Data records below:
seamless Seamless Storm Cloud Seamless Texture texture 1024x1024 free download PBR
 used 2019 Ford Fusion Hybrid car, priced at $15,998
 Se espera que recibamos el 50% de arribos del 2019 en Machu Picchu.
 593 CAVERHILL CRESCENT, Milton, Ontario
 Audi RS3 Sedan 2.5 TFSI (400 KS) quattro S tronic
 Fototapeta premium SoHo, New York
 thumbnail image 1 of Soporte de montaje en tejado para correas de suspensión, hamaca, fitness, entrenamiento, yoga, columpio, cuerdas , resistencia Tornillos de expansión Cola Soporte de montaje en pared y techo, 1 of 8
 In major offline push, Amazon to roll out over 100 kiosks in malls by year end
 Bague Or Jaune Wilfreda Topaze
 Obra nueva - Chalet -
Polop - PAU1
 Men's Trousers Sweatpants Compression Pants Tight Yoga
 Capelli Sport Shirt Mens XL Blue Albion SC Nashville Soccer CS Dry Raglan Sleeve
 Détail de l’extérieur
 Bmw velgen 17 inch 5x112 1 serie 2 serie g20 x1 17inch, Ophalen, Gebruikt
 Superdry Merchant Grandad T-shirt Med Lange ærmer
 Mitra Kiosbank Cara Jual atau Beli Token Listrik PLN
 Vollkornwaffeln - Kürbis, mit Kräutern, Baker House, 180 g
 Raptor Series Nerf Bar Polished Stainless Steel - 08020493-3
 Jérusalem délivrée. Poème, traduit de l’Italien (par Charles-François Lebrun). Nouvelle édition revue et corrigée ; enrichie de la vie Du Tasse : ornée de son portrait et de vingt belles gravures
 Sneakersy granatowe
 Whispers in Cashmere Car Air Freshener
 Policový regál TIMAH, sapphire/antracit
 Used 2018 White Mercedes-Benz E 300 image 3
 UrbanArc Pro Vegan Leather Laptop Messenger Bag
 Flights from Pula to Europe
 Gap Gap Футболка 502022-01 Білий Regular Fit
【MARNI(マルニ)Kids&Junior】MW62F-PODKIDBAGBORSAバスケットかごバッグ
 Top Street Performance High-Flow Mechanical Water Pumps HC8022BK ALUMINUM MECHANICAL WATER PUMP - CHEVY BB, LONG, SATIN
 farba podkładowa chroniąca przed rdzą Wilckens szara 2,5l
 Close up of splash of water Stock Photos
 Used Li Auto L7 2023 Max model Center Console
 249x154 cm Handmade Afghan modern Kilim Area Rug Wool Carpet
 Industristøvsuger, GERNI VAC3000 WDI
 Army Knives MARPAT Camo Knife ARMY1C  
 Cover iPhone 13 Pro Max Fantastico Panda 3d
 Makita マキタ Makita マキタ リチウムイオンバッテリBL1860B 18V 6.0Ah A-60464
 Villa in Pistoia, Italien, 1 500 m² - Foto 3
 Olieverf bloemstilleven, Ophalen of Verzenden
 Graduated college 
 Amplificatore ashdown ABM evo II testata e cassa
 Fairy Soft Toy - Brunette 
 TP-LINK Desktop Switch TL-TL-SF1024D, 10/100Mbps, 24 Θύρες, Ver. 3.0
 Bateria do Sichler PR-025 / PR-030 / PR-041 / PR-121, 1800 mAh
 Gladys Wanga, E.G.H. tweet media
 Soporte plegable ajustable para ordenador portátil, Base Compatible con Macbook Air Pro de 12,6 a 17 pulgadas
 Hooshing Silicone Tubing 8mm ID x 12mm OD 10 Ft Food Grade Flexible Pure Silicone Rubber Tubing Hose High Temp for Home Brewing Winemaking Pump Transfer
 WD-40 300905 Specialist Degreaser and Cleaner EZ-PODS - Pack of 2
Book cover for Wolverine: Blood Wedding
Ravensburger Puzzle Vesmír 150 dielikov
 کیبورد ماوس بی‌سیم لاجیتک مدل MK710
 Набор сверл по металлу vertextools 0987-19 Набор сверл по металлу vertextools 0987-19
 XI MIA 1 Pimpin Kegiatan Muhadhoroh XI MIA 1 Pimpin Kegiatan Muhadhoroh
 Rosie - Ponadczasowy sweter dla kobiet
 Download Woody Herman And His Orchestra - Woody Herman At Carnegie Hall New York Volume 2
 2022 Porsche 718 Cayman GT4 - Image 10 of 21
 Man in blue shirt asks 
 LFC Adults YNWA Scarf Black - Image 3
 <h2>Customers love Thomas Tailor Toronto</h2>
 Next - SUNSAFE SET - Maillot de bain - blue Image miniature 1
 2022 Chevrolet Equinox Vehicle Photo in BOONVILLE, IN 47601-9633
End of Data records.
* **Required work**
Please output the records once more, exactly as they were written.

* **Answer below**
seamless Seamless Storm Cloud Seamless Texture texture 1024x1024 free download PBR
 used 2019 Ford Fusion Hybrid car, priced at $15,998
 Se espera que recibamos el 50% de arribos del 2019 en Machu Picchu.
 593 CAVERHILL CRESCENT, Milton, Ontario
 Audi RS3 Sedan 2.5 TFSI (400 KS) quattro S tronic
 Fototapeta premium SoHo, New York
 thumbnail image 1 of Soporte de montaje en tejado para correas de suspensión, hamaca, fitness, entrenamiento, yoga, columpio, cuerdas , resistencia Tornillos de expansión Cola Soporte de montaje en pared y techo, 1 of 8
 In major offline push, Amazon to roll out over 100 kiosks in malls by year end
 Bague Or Jaune Wilfreda Topaze
 Obra nueva - Chalet -
Polop - PAU1
 Men's Trousers Sweatpants Compression Pants Tight Yoga
 Capelli Sport Shirt Mens XL Blue Albion SC Nashville Soccer CS Dry Raglan Sleeve
 Détail de l’extérieur
 Bmw velgen 17 inch 5x112 1 serie 2 serie g20 x1 17inch, Ophalen, Gebruikt
 Superdry Merchant Grandad T-shirt Med Lange ærmer
 Mitra Kiosbank Cara Jual atau Beli Token Listrik PLN
 Vollkornwaffeln - Kürbis, mit Kräutern, Baker House, 180 g
 Raptor Series Nerf Bar Polished Stainless Steel - 08020493-3
 Jérusalem délivrée. Poème, traduit de l’Italien (par Charles-François Lebrun). Nouvelle édition revue et corrigée ; enrichie de la vie Du Tasse : ornée de son portrait et de vingt belles gravures
 Sneakersy granatowe
 Whispers in Cashmere Car Air Freshener
 Policový regál TIMAH, sapphire/antracit
 Used 2018 White Mercedes-Benz E 300 image 3
 UrbanArc Pro Vegan Leather Laptop Messenger Bag
 Flights from Pula to Europe
 Gap Gap Футболка 502022-01 Білий Regular Fit
【MARNI(マルニ)Kids&Junior】MW62F-PODKIDBAGBORSAバスケットかごバッグ
 Top Street Performance High-Flow Mechanical Water Pumps HC8022BK ALUMINUM MECHANICAL WATER PUMP - CHEVY BB, LONG, SATIN
 farba podkładowa chroniąca przed rdzą Wilckens szara 2,5l
 Close up of splash of water Stock Photos
 Used Li Auto L7 2023 Max model Center Console
 249x154 cm Handmade Afghan modern Kilim Area Rug Wool Carpet
 Industristøvsuger, GERNI VAC3000 WDI
 Army Knives MARPAT Camo Knife ARMY1C  
 Cover iPhone 13 Pro Max Fantastico Panda 3d
 Makita マキタ Makita マキタ リチウムイオンバッテリBL1860B 18V 6.0Ah A-60464
 Villa in Pistoia, Italien, 1 500 m² - Foto 3
 Olieverf bloemstilleven, Ophalen of Verzenden
 Graduated college 
 Amplificatore ashdown ABM evo II testata e cassa
 Fairy Soft Toy - Brunette 
 TP-LINK Desktop Switch TL-TL-SF1024D, 10/100Mbps, 24 Θύρες, Ver. 3.0
 Bateria do Sichler PR-025 / PR-030 / PR-041 / PR-121, 1800 mAh
 Gladys Wanga, E.G.H. tweet media
 Soporte plegable ajustable para ordenador portátil, Base Compatible con Macbook Air Pro de 12,6 a 17 pulgadas
 Hooshing Silicone Tubing 8mm ID x 12mm OD 10 Ft Food Grade Flexible Pure Silicone Rubber Tubing Hose High Temp for Home Brewing Winemaking Pump Transfer
 WD-40 300905 Specialist Degreaser and Cleaner EZ-PODS - Pack of 2
Book cover for Wolverine: Blood Wedding
Ravensburger Puzzle Vesmír 150 dielikov
 کیبورد ماوس بی‌سیم لاجیتک مدل MK710
 Набор сверл по металлу vertextools 0987-19 Набор сверл по металлу vertextools 0987-19
 XI MIA 1 Pimpin Kegiatan Muhadhoroh XI MIA 1 Pimpin Kegiatan Muhadhoroh
 Rosie - Ponadczasowy sweter dla kobiet
 Download Woody Herman And His Orchestra - Woody Herman At Carnegie Hall New York Volume 2
 2022 Porsche 718 Cayman GT4 - Image 10 of 21
 Man in blue shirt asks 
 LFC Adults YNWA Scarf Black - Image 3
 <h2>Customers love Thomas Tailor Toronto</h2>
 Next - SUNSAFE SET - Maillot de bain - blue Image miniature 1
 2022 Chevrolet Equinox Vehicle Photo in BOONVILLE, IN 47601-9633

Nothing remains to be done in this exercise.